From Erica Becks’ Cure for the Common Conflict.

Compromise. It’s a term that most mediators throw around quite a bit. But, do we really want parties to ‘compromise’ in order to reach settlement? I say no. Why is that? Because compromise inevitably means that one and/or both parties leave feeling like they had to give up something. The way I feel about compromise in mediation is akin to how I feel about my clients ’compromising’ their values around money when it comes to paying a professional to help them settle their divorce. Divorce is a difficult and costly process. Obviously. So why, as a mediator, would you want your clients to ‘compromise’ and pay for something because they believe that they have no other option, and walk away feeling somewhat cheated? Specifically, who of you would want to pay Nordstrom’s prices, when you can receive the same services at Target prices, instead?

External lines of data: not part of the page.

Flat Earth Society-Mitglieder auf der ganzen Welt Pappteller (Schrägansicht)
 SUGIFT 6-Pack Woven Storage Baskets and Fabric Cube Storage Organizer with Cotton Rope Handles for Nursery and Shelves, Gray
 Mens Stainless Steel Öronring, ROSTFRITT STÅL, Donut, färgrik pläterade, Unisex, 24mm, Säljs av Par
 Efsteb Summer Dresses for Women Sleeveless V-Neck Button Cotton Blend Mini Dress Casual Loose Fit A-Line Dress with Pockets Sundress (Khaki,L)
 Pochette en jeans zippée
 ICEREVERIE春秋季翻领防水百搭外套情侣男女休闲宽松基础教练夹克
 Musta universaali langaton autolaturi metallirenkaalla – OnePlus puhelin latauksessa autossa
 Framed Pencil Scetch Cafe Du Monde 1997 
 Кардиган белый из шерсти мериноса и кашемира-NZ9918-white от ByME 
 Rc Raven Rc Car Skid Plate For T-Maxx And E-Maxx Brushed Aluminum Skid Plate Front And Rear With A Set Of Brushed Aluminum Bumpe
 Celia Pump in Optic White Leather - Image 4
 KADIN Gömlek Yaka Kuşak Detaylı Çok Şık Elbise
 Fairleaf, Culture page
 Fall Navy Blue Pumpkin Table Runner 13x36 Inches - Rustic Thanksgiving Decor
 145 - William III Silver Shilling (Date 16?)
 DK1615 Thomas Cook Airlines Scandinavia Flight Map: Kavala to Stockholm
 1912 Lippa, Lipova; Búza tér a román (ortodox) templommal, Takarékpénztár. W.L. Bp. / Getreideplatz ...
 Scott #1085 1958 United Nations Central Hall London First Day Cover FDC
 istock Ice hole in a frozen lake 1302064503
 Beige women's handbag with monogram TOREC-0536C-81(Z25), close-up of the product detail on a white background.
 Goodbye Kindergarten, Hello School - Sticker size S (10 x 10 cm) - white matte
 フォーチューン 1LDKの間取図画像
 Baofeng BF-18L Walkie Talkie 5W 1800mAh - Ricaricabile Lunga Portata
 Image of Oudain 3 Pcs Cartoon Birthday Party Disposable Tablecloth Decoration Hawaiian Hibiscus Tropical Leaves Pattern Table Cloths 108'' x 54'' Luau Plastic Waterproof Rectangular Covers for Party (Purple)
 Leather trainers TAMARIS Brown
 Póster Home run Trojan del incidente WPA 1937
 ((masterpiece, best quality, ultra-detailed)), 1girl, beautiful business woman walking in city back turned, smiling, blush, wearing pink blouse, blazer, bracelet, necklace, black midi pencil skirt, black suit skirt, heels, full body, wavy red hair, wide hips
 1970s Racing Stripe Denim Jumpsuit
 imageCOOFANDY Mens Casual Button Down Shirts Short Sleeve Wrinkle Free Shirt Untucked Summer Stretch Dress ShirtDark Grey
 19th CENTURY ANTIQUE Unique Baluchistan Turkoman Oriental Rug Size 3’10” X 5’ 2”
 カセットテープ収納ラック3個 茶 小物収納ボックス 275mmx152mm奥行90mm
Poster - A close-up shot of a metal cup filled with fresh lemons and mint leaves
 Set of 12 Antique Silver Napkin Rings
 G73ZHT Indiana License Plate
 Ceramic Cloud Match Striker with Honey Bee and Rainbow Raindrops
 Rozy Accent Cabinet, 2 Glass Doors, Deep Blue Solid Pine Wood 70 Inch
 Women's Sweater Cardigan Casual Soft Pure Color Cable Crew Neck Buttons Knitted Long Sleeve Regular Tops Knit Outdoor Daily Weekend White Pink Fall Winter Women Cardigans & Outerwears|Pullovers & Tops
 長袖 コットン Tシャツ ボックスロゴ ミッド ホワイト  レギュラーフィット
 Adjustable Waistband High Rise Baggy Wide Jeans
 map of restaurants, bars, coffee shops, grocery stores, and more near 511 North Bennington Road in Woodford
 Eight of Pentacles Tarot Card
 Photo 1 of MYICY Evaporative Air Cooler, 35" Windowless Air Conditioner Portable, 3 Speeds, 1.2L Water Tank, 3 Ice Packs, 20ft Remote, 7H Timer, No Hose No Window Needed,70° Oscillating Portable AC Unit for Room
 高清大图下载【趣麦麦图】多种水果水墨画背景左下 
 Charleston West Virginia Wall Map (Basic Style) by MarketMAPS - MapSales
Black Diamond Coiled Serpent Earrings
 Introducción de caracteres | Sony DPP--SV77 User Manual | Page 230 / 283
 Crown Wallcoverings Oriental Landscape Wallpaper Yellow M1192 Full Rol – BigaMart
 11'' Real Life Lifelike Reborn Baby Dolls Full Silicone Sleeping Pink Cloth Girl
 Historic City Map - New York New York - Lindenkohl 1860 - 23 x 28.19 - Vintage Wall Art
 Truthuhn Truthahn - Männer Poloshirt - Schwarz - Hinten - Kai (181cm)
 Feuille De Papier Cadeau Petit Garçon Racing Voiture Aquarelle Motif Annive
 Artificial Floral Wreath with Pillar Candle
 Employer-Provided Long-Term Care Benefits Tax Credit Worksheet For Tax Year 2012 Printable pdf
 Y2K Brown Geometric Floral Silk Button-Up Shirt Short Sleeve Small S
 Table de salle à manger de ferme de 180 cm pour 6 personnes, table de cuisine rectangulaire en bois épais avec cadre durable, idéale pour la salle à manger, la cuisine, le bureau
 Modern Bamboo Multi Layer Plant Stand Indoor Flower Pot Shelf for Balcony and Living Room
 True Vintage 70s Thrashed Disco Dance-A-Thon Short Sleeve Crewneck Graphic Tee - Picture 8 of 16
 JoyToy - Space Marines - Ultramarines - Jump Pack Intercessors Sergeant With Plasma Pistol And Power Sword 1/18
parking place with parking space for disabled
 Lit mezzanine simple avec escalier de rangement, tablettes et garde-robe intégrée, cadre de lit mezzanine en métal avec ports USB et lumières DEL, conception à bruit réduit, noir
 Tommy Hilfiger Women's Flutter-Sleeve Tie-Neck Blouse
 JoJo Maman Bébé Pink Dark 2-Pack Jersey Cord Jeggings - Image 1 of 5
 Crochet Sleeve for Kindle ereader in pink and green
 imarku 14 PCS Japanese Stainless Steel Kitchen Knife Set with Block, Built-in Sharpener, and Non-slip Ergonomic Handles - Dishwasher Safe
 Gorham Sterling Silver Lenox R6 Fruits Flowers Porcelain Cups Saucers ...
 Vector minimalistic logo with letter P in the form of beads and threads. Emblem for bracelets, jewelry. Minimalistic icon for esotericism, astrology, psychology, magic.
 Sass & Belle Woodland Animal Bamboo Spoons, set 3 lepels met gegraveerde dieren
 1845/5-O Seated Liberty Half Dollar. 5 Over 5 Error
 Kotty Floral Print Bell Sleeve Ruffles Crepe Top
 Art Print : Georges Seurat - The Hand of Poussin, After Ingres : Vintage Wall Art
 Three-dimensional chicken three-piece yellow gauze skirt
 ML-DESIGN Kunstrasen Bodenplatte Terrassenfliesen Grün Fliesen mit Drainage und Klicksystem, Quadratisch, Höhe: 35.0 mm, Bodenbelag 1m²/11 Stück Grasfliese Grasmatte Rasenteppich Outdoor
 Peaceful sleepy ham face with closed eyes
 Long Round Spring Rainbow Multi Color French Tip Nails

Case in point, if you call around to local mediators asking for price quotes, you’ll find most charge between $250-$350 per hour. One of the biggest misconceptions divorcing couples have about mediation, is that they have to go to a mediator who is also an attorney. I do believe that family law attorney-mediators should be utilized for cases which require more technical expertise than say your average couple that is divorcing with few assets or complex legal considerations. And while I personally have nothing against attorney-mediators, I do have a problem with the fact that they charge the same amount for legal advice as they do for a service that does not allow for the dispensation of legal advice (i.e. mediation). Sure, they can argue that they have specialized ‘expertise’ and ‘knowledge’ that other ‘non-attorney mediators’ do not. But any practicing mediator should be well-versed in family law, and trust me, to become familiar with general family law concepts, does not mean you need to fork over six figures for a law degree. If this was the case, then most legal document assistants, paralegals, and courthouse clerks would be out of a job.


Most qualified mediators have undergone some type of course work in family law and many are family law specialists. That said, many ‘attorney-mediators’ are not family law specialists at all, but hail from fields like personal injury or business litigation. In fact, the Family Law for Mediators course that I attended, was mainly comprised of attorneys who had no experience in family law, but like me, were eager to learn the basics and open up a divorce mediation practice. But I digress.


In short, if money is no object, then by all means, an ‘attorney-mediator’ could be a viable option for you. But if you are like most of my clients, then the thought of draining your already meager savings and giving it to an attorney who charges you twice as much as I do for the same service, sounds pretty repugnant. So, for those of you who don’t shop at Nordstrom’s or are struggling to stay afloat in this current economic downturn, I am proud to offer a Target mediation haven. Because after all, going bankrupt was SO last year.


*NOTE: you should ALWAYS seek legal consultation from an attorney before divorcing or participating in mediation, and definitely before signing any type of agreement.